The pro is a worse product relative to the max and standard m3 than it used to be.
Apple had one job - make the M3 Pro better than the M2 Pro. Job done - its slightly faster, has significantly better battery life and will most likely prove to have a faster GPU, esp. when hardware ray tracing comes into effect.
Yes, it looks like the M3 Max has got a
better upgrade - but so what?
Anyway, the target market for M3 machines will be people upgrading from Intel and M1, not a relative handful of customers who buy a new $2k minimum laptop every year.
The m3 pro has 37 billion transistors (3 billion less than m2 pro) the max is at 96 billion. Each m3 pro costs Apple significantly less than the m2 pro and this they are increasing margins…
Sure, the transistor count
will be a factor in the marginal cost but little things like, oh, say, switching to a new 3nm process do require a
teensy bit of investment that needs to be recouped. Also, its no clear but it looks like they've moved to having completely different dies for the Pro and Max rather than the Pro being a Max with a bit left off.
Anyway, last time I looked, Apple were a for-profit company and - in the current climate - its a wonder that they haven't increased the base prices of the Mx Pro machines in line with inflation.

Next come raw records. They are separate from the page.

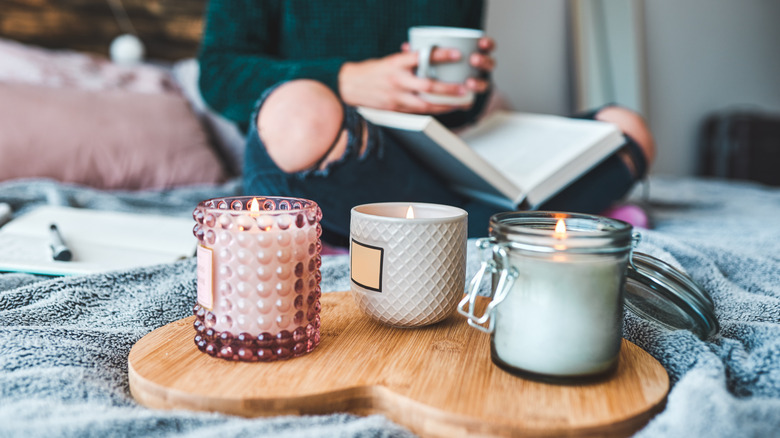 three lit candle jars with woman in background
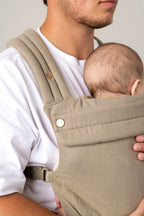 Cropped photo of a white man with dark facial hair carrying a baby with dark wispy hair in a greenish-gray carrier against a light background. He is wearing a white t-shirt. The baby is looking away from the camera.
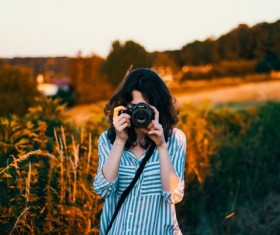 Girl photographed with camera Stock Photo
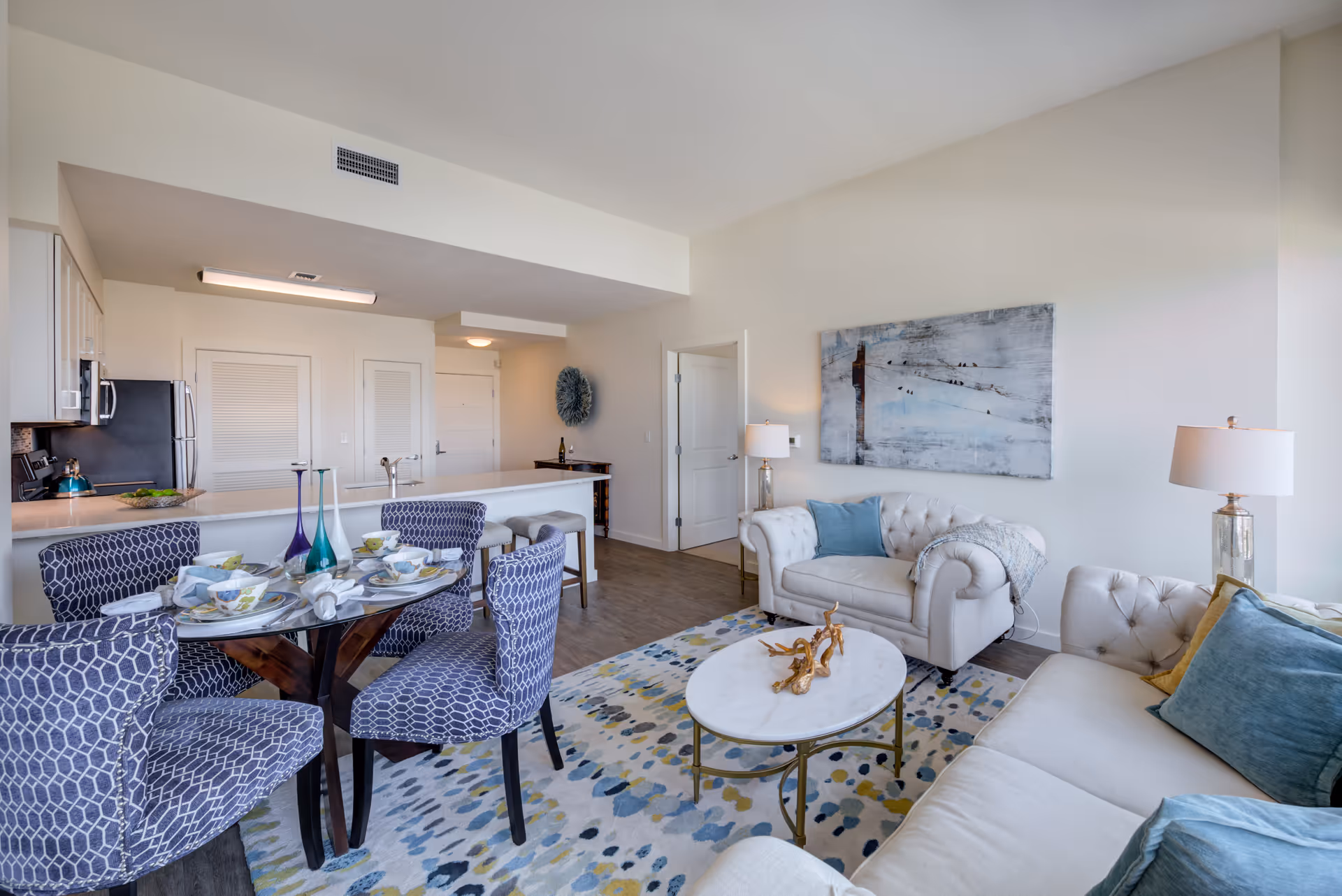 A bright and modern living and dining area in a senior living facility. The space features a glass dining table with four patterned blue chairs, a kitchen with white cabinets and stainless steel appliances, and a cozy living room with two white tufted sofas, blue and green cushions, a round marble coffee table, and a colorful patterned rug. A large abstract painting hangs on the wall, and two table lamps provide additional lighting.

If they had kept the pro at 8+4 they would have achieved this exact aim without unnecessarily decontenting the pro. The max got more cores, there was no need to decontent the pro as well.
Yes there was - battery life. M3 has allowed them to reduce the performance:efficiency core ratio in the M3 Pro and still (slightly) out-perform the M2. A reasonable trade off in a chip that will primarily be used in laptops.